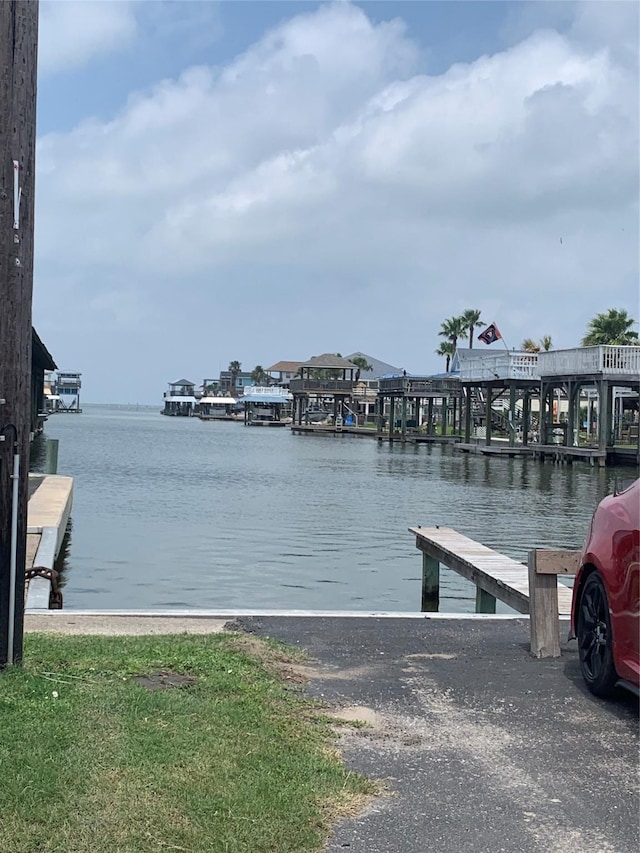 4222 Mason Dr, Galveston, TX 77554 - view of dock featuring a water view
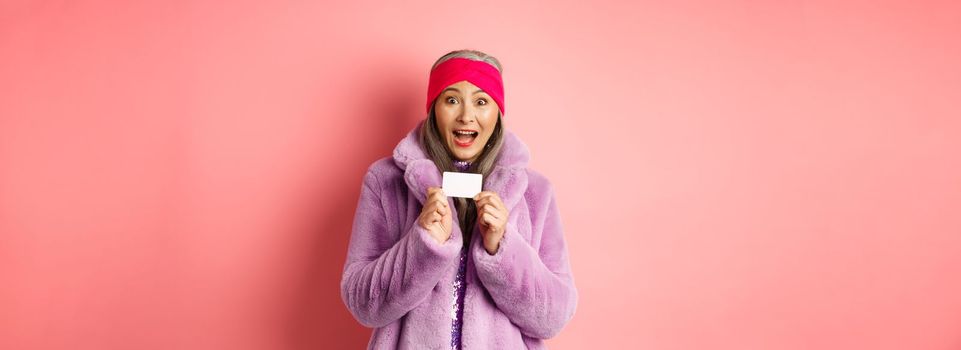 Shopping and fashion concept. Beautiful asian middle-aged woman showing plastic credit card and smiling amazed in stylish clothes, pink background.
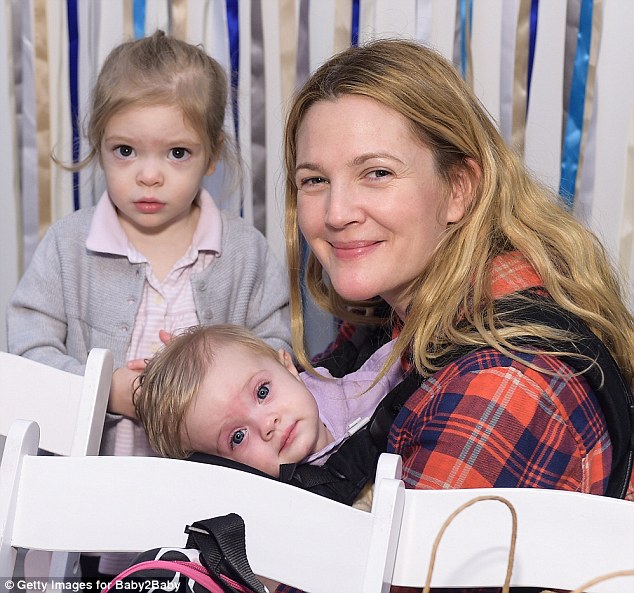 Doting mom: Drew is pictured with her daughters Olive and Frankie in 2014 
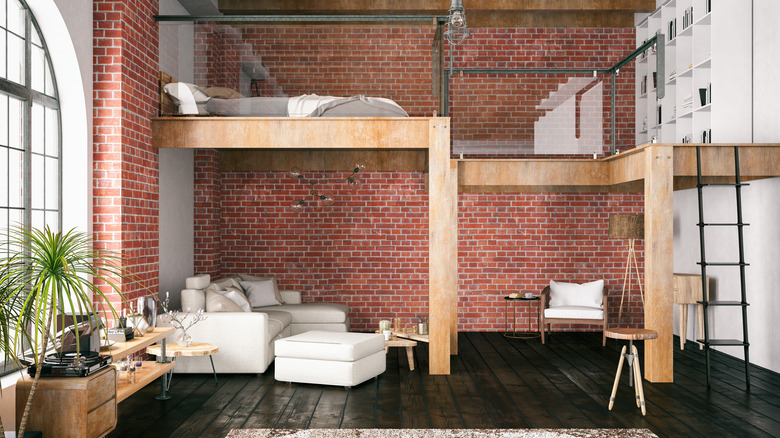 fully furnished and decorated studio apartment with loft bedroom and exposed brick wall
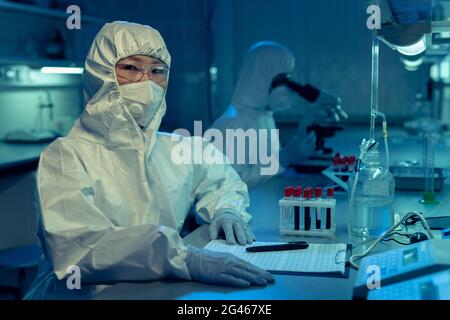 Junge Forscherin in Overalls und anderen schützenden Arbeitskleidung im Labor sitzen Stockfoto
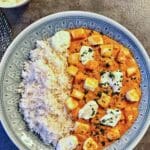 En tallrik med halloumi tikka masala serverad med ris och sås.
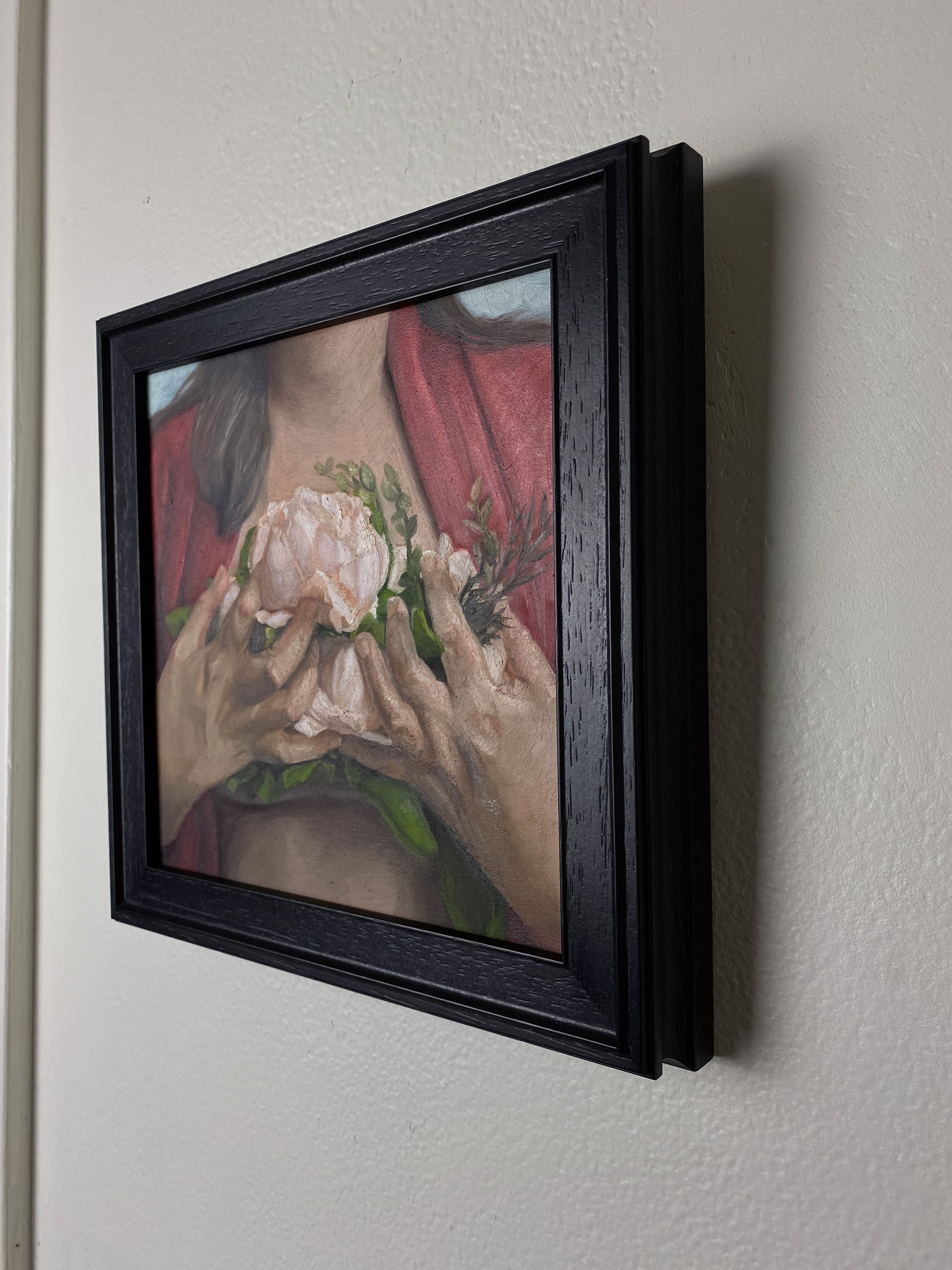 A painting of a woman holding a flower in her hands.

● ● ●

Pictures aside, please output the whole listing exactly as it appears above.

 4222 Mason Dr, Galveston, TX 77554 - view of dock featuring a water view
 Shopping and fashion concept. Beautiful asian middle-aged woman showing plastic credit card and smiling amazed in stylish clothes, pink background.
 Doting mom: Drew is pictured with her daughters Olive and Frankie in 2014 
 fully furnished and decorated studio apartment with loft bedroom and exposed brick wall
 Junge Forscherin in Overalls und anderen schützenden Arbeitskleidung im Labor sitzen Stockfoto
 En tallrik med halloumi tikka masala serverad med ris och sås.
 A painting of a woman holding a flower in her hands.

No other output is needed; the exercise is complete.